Publikacja dokumentu to odpowiedź na wyrażone przez rząd Stanów Zjednoczonych rozczarowanie w związku z wstrzymaniem prac nad ustawą reprywatyzacyjną przez Polskę.

W umowie z 1960 r. napisano, że rządy obu krajów chcąc dokonać uregulowania roszczeń obywateli USA pod adresem Polski, uzgodniły, że Polska zapłaci Stanom Zjednoczonym 40 mln dolarów. Kwota ta miała być przeznaczona "na całkowite uregulowanie i zaspokojenie wszystkich roszczeń obywateli Stanów Zjednoczonych" pod adresem polskiego rządu z tytułu nacjonalizacji i innego rodzaju przejęcia mienia.

Z tekstu umowy wynika, że zapłata miała być dokonana w dwudziestu rocznych ratach po 2 mln dolarów. Zapłacona suma miała być rozdzielona wedle uznania USA przez rząd tego kraju.

"Po wejściu w życie niniejszego układu rząd Stanów Zjednoczonych nie będzie przedstawiał rządowi polskiemu, ani nie będzie popierał roszczeń obywateli Stanów Zjednoczonych do rządu polskiego" - czytamy w dokumencie. Dalej napisane jest, że gdyby takie roszczenia zostały jednak przedłożone Polsce bezpośrednio przez obywateli amerykańskich, nasz kraj przekaże je rządowi USA.
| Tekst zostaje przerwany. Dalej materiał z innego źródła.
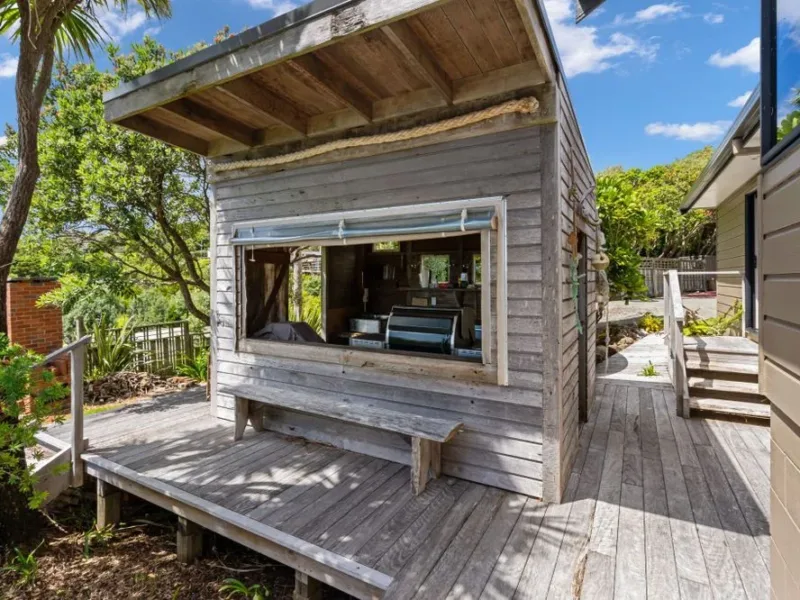 Dolphin Vista - a Relaxed Tutukaka Coastal Haven with Sweeping Ocean Views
Umowa mówi m.in. o roszczeniach z tytułu: nacjonalizacji, przejęcia własności, utraty użytkowania na podstawie polskich ustaw, dekretów i innych zarządzeń, a także długów przedsiębiorstw, które zostały znacjonalizowane. W ciągu 30 dni po wejściu w życie układu, rząd USA miał odwołać swoje zarządzenia blokujące "wszelkie polskie mienie w Stanach Zjednoczonych".
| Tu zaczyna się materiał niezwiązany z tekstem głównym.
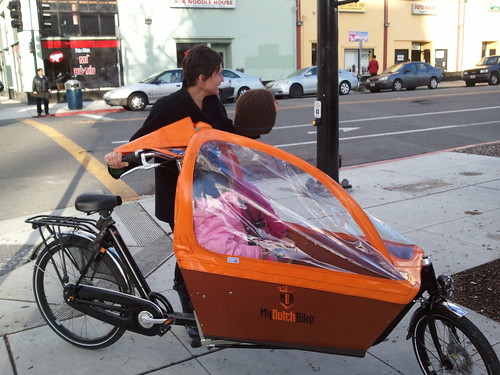 Ginger and her bakfiets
Polska miała dla ułatwienia przekazać Stanom informacje lub dowody zawierające szczegóły dotyczące własności i wartości mienia. Układ miał wejść w życie z dniem jego podpisana. Opublikowana przez MSZ kopia z 16 lipca 1960 r. jest podpisana.
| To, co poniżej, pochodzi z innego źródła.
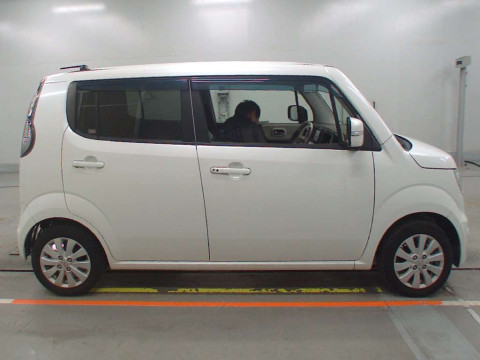 2015 Nissan Moco MG33S[2]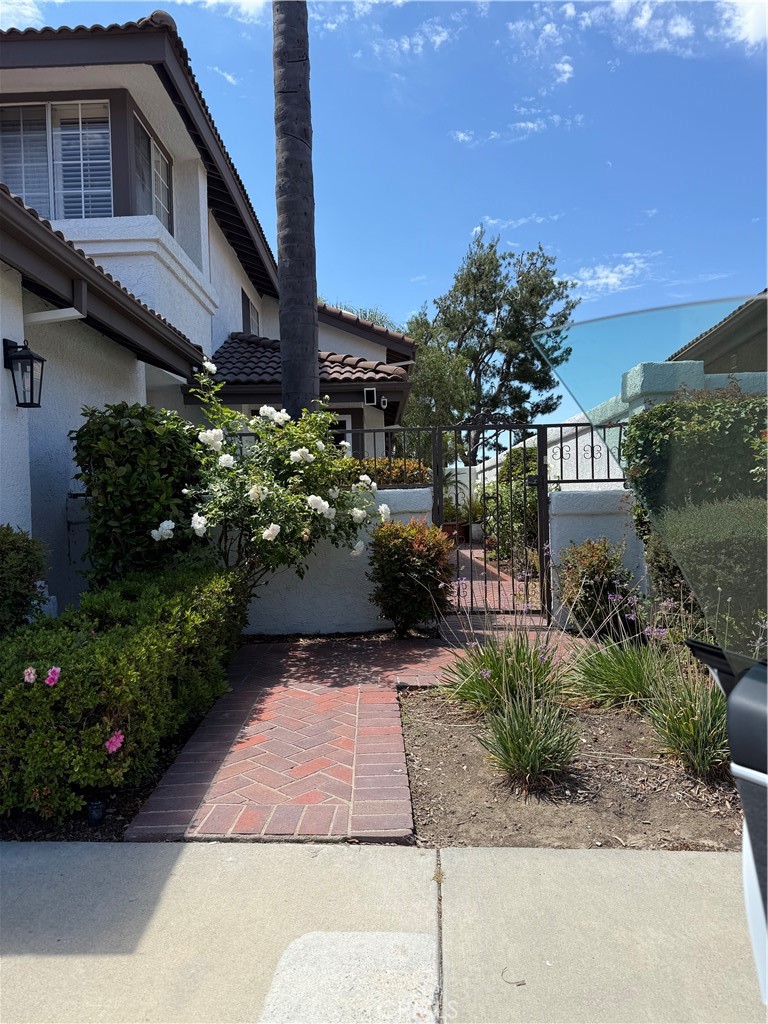 27557 Paseo Talavera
W ubiegłym tygodniu resort skarbu państwa poinformował, że projekt ustawy reprywatyzacyjnej jest przygotowany, ale ze względu na "globalny kryzys finansowy" oraz duże obciążenia finansowe wynikające z tej ustawy, "w obecnej sytuacji ekonomicznej, projekt ustawy nie może być przeprowadzony".

W środę specjalny doradca sekretarza stanu ds. problemów Holocaustu Stuart Eizenstat powiedział, że "rząd amerykański jest głęboko rozczarowany tym, że rząd Polski zawiesił plany przekazania do parlamentu projektu ustawy przewidującej rekompensaty dla osób, których prywatne majątki zostały skonfiskowane w latach 1939-1989". Wezwał też - w imieniu rządu USA - rząd polski do restytucji prywatnego mienia żydowskiego, choćby w formie rekompensat rozłożonych w czasie.

Szef MSZ Radosław Sikorski powiedział w środę w "Kropce nad i" TVN24, że "Polska bardzo szczodrze oddała mienie komunalne żydowskie, natomiast jeśli chodzi o mienie różnych obywateli państw obcych, to Polska jeszcze w latach 60. podpisała tzw. umowy indemnizacyjne, w tym z USA, i wypłaciła wielomilionowe odszkodowania rządom tych krajów, w tym Stanom Zjednoczonym".

W czwartek w radiowej Trójce minister stwierdził natomiast, że USA mogły pomóc polskim Żydom w czasie wojny, a obecną interwencję władz USA ws. przywrócenia prywatnego mienia żydowskiego ocenia jako "cokolwiek spóźnioną".